Common questions answered - Why aren't Live Activities actually "live"? Why can't I show exact percentages? I'll explain the technical constraints and what I'm exploring.
Apple's limitations - The reality of working within Apple's battery reading API and platform restrictions. It's not always that I don't want to provide certain features - sometimes it's technical limitations or API restrictions I have to work around.
Failed experiments - I'll try things. Some will work. Some won't. The failures are usually more interesting anyway.
The reality of building solo - Balancing a full-time job, a one-and-a-half year old daughter, a dog, and trying to ship features people want.
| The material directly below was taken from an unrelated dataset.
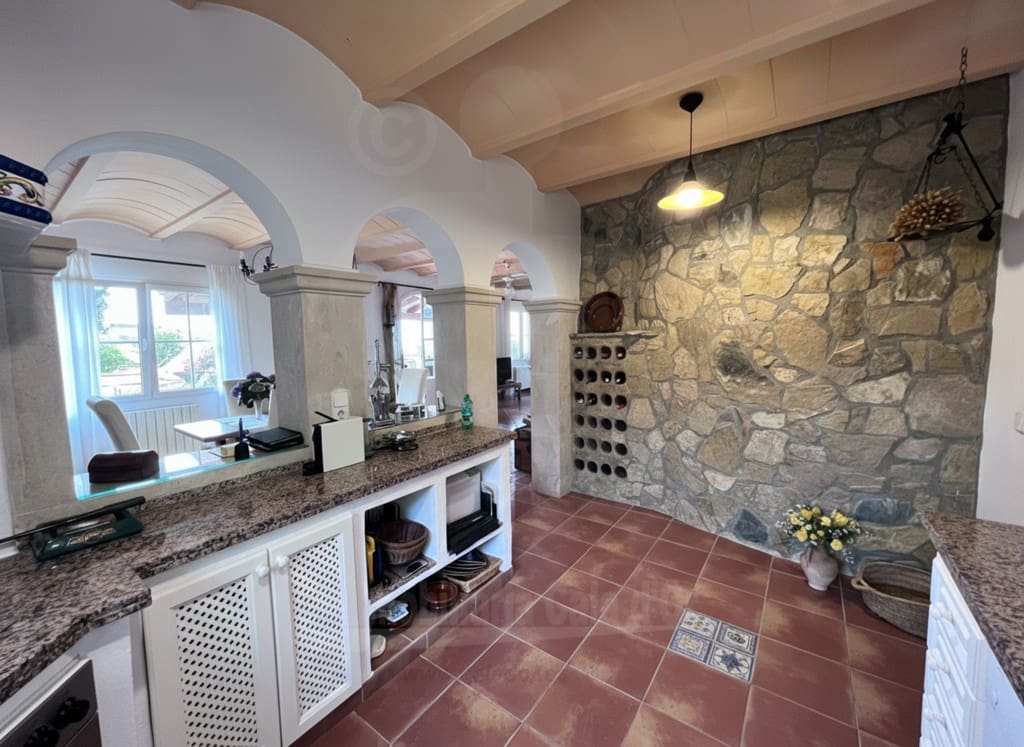 2 soveværelse Finca/Landehus til salg i Es Carritxo / El Carritxo med swimmingpool garage - € 950.000 (Ref: 7287432)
I can't promise a specific posting schedule because honestly, I don't know what that looks like yet while juggling everything else. But I'll write when I have something worth sharing.
This is also an exercise in transparency and communication. Maybe you'll have ideas for solutions I haven't thought of. Maybe it just helps you understand why certain things take time. Either way, I think it's worth trying.
I should probably link to the video because it's kind of the whole reason this exists. HotshotTek, thank you for featuring Unplugged. You explained it better than I ever did.
If you're curious about the app: Check out Unplugged on the App Store
Thanks for reading. Now back to working through all that feedback and figuring out what to tackle next.